■ Exercise prompt ■
Please print exactly the lines from the line containing "Snapshot of summer_preston" through the end of the data, no more, and keep pictures out of the copy.

(Caption-style text data)
-=-=-
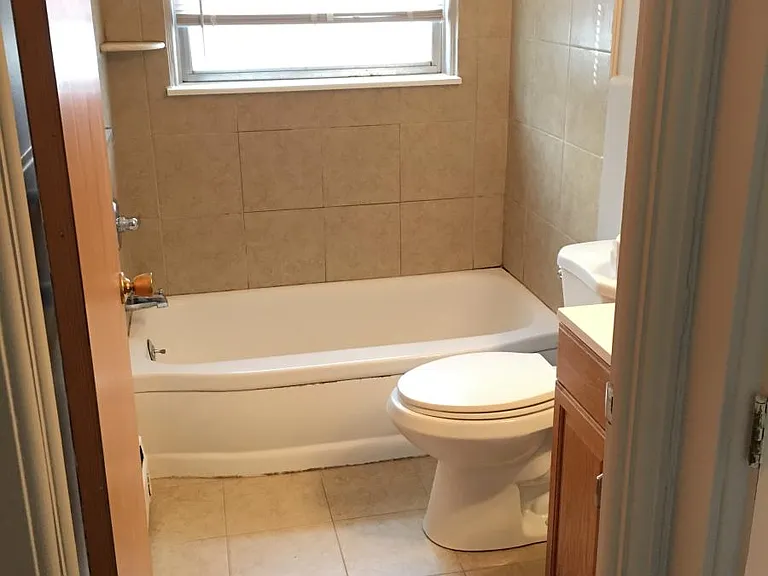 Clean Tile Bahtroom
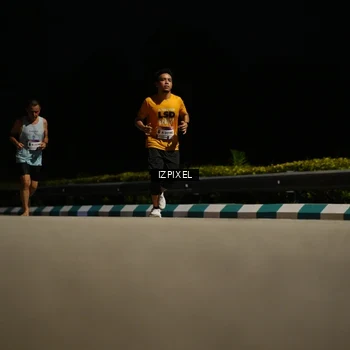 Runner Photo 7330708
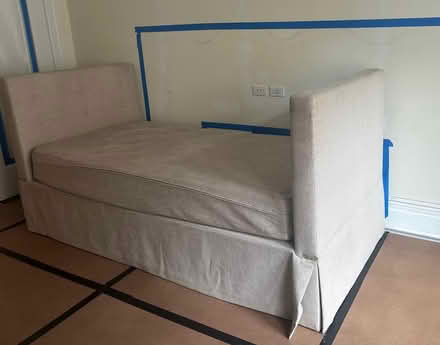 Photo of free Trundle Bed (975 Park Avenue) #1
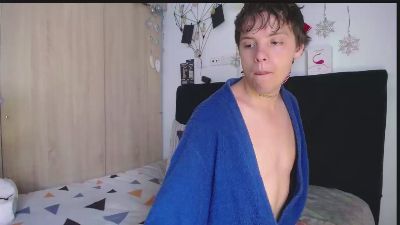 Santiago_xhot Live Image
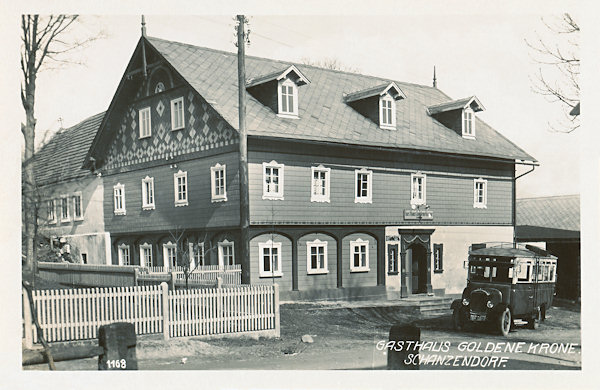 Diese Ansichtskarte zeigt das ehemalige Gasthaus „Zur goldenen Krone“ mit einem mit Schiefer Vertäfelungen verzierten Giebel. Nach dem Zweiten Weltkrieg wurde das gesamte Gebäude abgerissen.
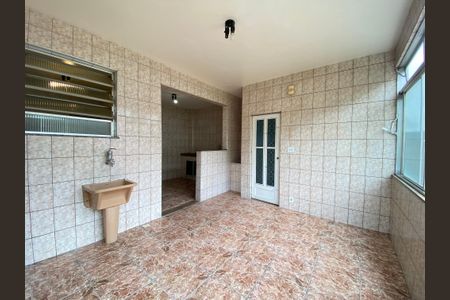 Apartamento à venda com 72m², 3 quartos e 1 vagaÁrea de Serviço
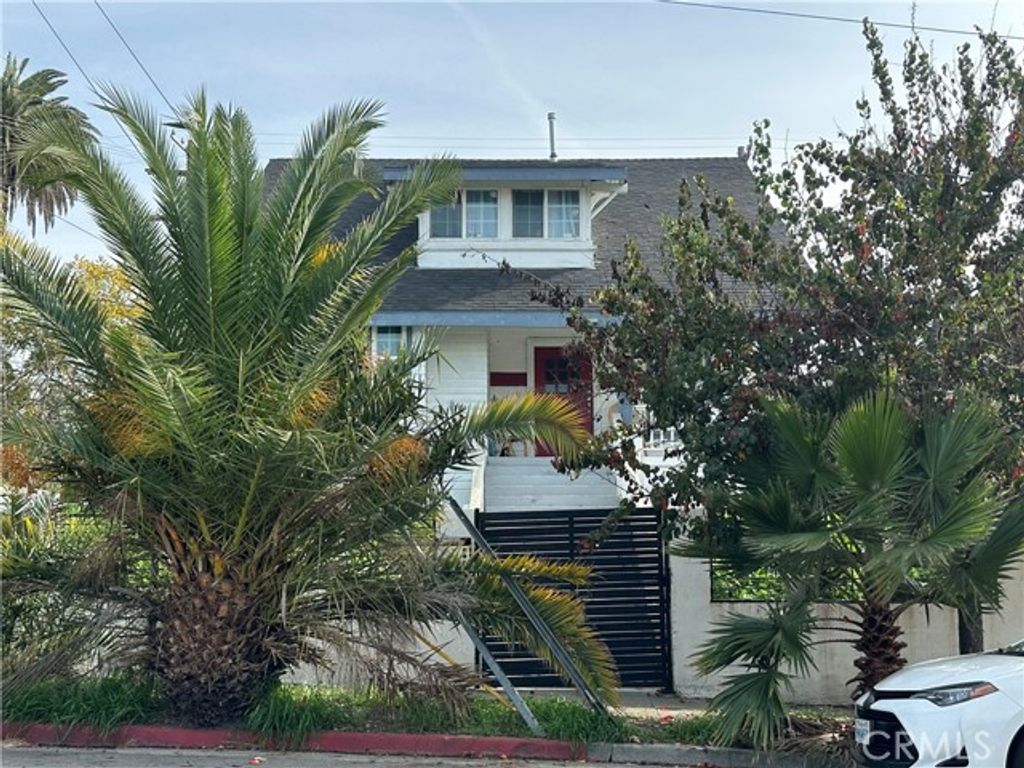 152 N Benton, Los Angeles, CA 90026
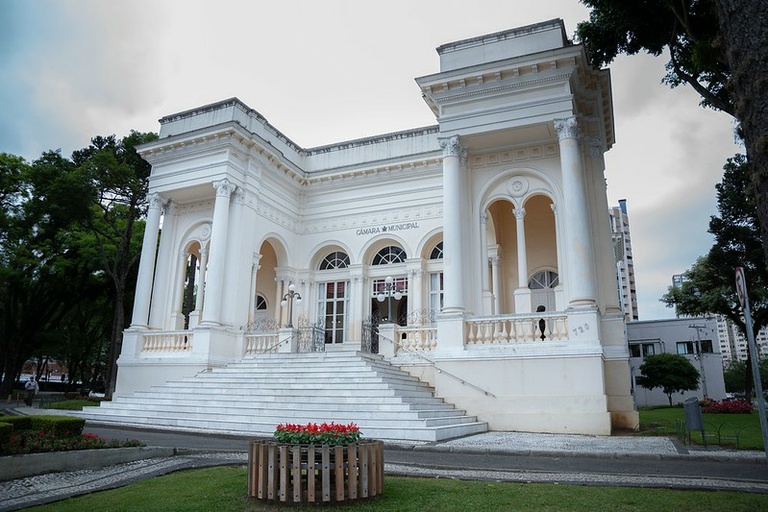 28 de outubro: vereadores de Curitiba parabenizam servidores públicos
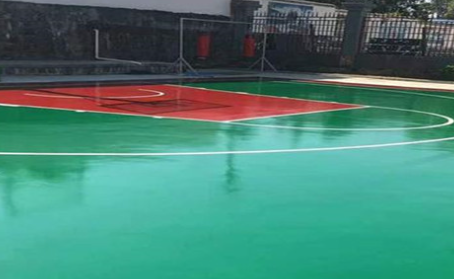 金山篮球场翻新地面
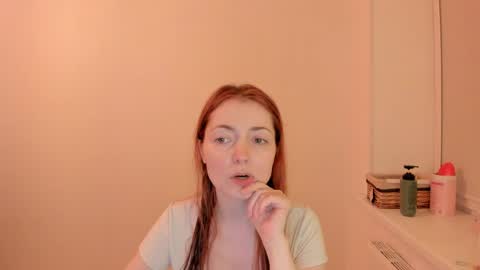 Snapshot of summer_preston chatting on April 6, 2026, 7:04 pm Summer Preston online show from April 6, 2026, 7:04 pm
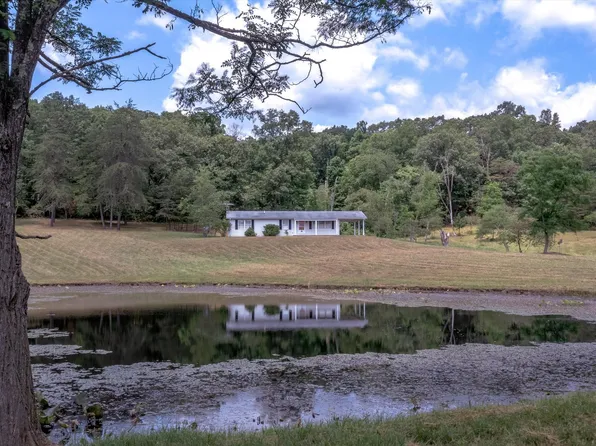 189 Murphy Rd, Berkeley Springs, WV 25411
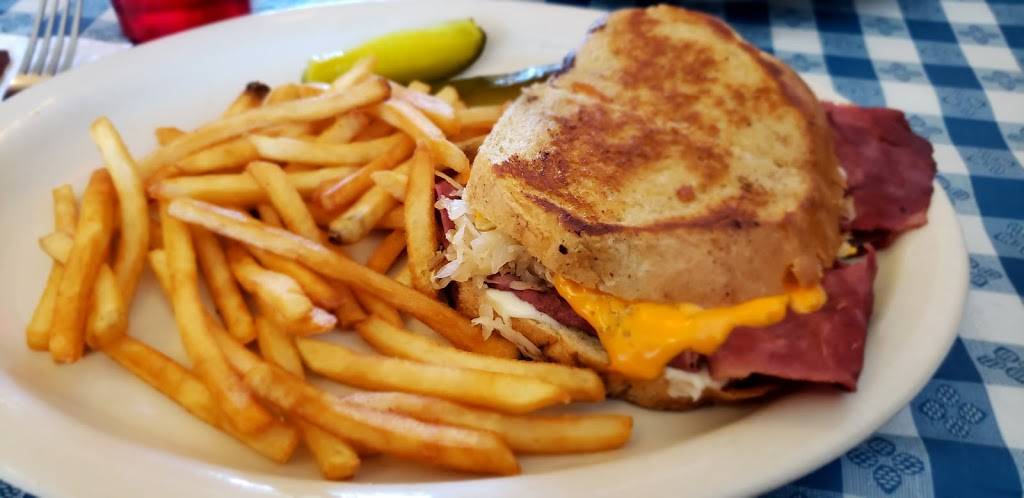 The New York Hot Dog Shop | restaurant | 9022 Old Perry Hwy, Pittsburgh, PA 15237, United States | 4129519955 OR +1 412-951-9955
-=-=-
■ Final answer ■
 Snapshot of summer_preston chatting on April 6, 2026, 7:04 pm Summer Preston online show from April 6, 2026, 7:04 pm
 189 Murphy Rd, Berkeley Springs, WV 25411
 The New York Hot Dog Shop | restaurant | 9022 Old Perry Hwy, Pittsburgh, PA 15237, United States | 4129519955 OR +1 412-951-9955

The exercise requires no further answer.